Caity Lotz stars as Sara Lance / White Canary as she tries to prevent a serial killer from murdering people at a high school reunion. It uses a mockumentary format. The episode was met with praise by critics.

== Plot ==
Following the battle at Hey World and Neron's defeat, the Legends have become public heroes. With the Time Bureau dismantled, Ava Sharpe joins the Legends and allows a documentary crew to film them so they can prove to the government that the Legends are not a threat. Sara, Ray, and Mick Rory return from the Crisis, but Sara has yet to come to terms with Oliver Queen's death. (Note: As depicted in "Crisis on Infinite Earths, Part 5") Suddenly, a timequake takes place, leading the Legends to 1917 Russia, where Grigori Rasputin has returned from the dead. The Legends fail to convince Rasputin to kill his killer, so they return to the Waverider, but leave a film crew member behind. As a result, the Legends form a plan to stop Rasputin and rescue the crew member before returning to 2020. They then release the documentary to the world, before claiming the film was faked. Meanwhile, in 2020, John Constantine and Gary Green investigate a demon named Masher, who possessed a child in Star City. Constantine performs an exorcism, freeing the child and sending Masher back to Hell. Constantine also returns to Hell, Mick quits writing and passes on his career to Mona Wu, and Nate sees an old message from Zari Tomaz, asking him to find her in the new timeline.

== Production ==
The episode was the first of the season to be produced; however, it was the second to air following "Crisis on Infinite Earths: Part Five". Filming began on July 15, 2019 and concluded on July 30. The episode was written by Grainne Godfree and James Eagan. The episode in mockumentary format.

=== Casting ===
The episode stars Caity Lotz, Tala Ashe, Jes Macallan, Nick Zano, Matt Ryan, Brandon Routh, Dominic Purcell, Maisie Richardson-Sellers, Olivia Swann, and Amy Louise Pemberton (voice), as Sara Lance, Zari Tomaz, Nate Haywood, John Constantine, Ray Palmer, Mick Rory, Charlie, Astra Louge, and Gideon. Principal cast member Courtney Ford does not appear in the episodoe.

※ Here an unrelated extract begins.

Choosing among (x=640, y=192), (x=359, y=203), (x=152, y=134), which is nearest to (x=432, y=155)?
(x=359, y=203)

This is the first episode in which Ramona Young does not appear as a series regular since she join the cast in the fourth season as Mona Wu. Young instead appears as a guest star as she does in the season finale. Adam Tsekhman and Michael Eklund also guest star as Gary Green and Gigori Rasputin respectively.

Shayan Sobhian makes his second appearance as Behrad Tarazi after the characters debut in the season four finale, "Hey World!".

== Release ==

=== Broadcast ===
"Meet the Legends" was first aired in the United States on The CW on January 21, 2020. It was watched by 720 thousand viewers with a 0.3 share among adults aged 18 to 49.

=== Critical reception ===
"Meet the Legends" was met with positive reception from critics. In a Den of Geek review by Jim Dandeneau, he stated that the episode was possibly one of the best episode of Legends of Tomorrow. IGNs Jesse Schedeen gave the episode a 7 out of 10 saying that it was a good episode the humor was overdone. Writing for TVFanatic, Sarah Little praised Caity Lotz in her portrayal of Sara grief after losing Oliver.

Allison Shoemaker of The A.V. Club praised the episode for the way it handled reintroducing the Legends post-crisis, the review was paired with a B+. She compared the episode to the Arrow episode "Emerald Archer" feeling that it pulled off the mockumentary format much better.